Kouma and I decided to build a skelly in a cage. He's going in our witch scene as a prisoner.


----------



## Scary Godmother (Oct 13, 2007)

Nice job Teary, looks great. I'm sure that will make a nice addition to your scene!


----------



## kprimm (Mar 14, 2009)

Nice work on the skelly cage, mean ol witch has him all inprisoned.


----------



## TearyThunder (Jul 1, 2006)

Thanks guys, it was a lot fo fun to make. The only gripe I have is that my hand hurts from spray painting the thing after it was built. I was surprised how quickly we got it built (about 2 hours start to finish.)


----------



## Koumajutsu (Aug 9, 2006)

I have to say, I got lucky on this prop. All I had to really do was cut the wood and work the screw gun 
we also split the paint duty


----------



## RoxyBlue (Oct 6, 2008)

TearyThunder said:


> I was surprised how quickly we got it built (about 2 hours start to finish.)


I'm surprised that you were able to get it done in only two hours with an engineer around

My dad is an engineer (now retired) and any project he ever worked on around the house took DAYS, if not weeks to complete. They were, however, done to perfection


----------



## TearyThunder (Jul 1, 2006)

RB, If I had left the it up to Kouma it wouldn't have been completed till after halloween -next- year. He did try to make some suggestions that would have taken us longer to complete. I had to remind him it's a prop and I didn't want to over complicate the darn thing.


----------



## Koumajutsu (Aug 9, 2006)

overcomplicate? All I wanted to do was add a little purposeful inperfections, like crooked bars. You're the one that had to make a template to get the bars spaced uniformly 

oh, and I wanted to make it shorter, so mr skellie would have to be crouched and uncomfortable. Everyone knows, victims taste better after torture


----------



## TearyThunder (Jul 1, 2006)

No, no, that's not what I'm talking about. You wanted to get special drill bits and play with power tools all day. 

As for the crooked bars and stuff, if the bars aren't properly spaced the blucky could escape and then you would have to deal with a coven of witches. Not to mention, crooked bars would call for a larger cage and we are limited on space as it is.

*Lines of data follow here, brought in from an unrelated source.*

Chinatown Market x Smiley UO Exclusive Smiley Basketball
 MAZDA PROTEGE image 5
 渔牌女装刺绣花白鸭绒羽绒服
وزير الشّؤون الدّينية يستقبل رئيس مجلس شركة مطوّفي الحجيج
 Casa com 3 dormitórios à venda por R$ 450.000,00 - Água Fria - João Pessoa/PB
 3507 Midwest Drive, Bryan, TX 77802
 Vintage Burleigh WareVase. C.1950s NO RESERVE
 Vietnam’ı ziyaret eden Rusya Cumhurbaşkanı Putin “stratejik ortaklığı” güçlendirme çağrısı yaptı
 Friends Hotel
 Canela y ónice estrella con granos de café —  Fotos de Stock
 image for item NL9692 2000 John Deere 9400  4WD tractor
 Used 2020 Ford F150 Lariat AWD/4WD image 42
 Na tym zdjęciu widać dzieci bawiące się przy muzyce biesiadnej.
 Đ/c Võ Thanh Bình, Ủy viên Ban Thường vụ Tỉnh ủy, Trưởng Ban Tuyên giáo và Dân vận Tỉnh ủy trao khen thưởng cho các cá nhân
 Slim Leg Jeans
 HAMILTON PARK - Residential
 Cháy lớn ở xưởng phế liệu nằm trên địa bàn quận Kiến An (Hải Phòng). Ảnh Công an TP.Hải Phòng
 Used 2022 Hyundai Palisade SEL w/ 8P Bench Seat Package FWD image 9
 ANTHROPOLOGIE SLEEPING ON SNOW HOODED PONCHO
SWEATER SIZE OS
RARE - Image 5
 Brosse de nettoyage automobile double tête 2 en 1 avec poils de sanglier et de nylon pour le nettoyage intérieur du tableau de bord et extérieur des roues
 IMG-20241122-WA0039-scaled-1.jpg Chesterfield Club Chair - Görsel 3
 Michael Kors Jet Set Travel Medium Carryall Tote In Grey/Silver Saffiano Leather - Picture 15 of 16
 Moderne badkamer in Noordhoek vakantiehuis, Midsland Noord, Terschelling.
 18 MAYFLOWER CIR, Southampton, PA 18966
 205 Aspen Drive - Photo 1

Oh and if I was worried about the bars being perfect, I would have got out the tape measure and made sure they were spaced perfectly and not eyeballed it.


----------



## RoxyBlue (Oct 6, 2008)

LOL, you guys sound like you're channeling my parents

Clearly a match made in heaven

And Teary is right - can't have those bars too far apart. Escaped bluckies are just nothin' but trouble.


----------



## Spooky1 (Aug 25, 2008)

In our house, it's Roxy who tells me when I'm an 1/8 of an inch off center.


----------



## Zombies R Us (Jul 9, 2009)

I agree about escaped blucky's, once they are out they are extremely difficult to round up. Only thing worse is an escaped zombie, too bitey! Great prop!


----------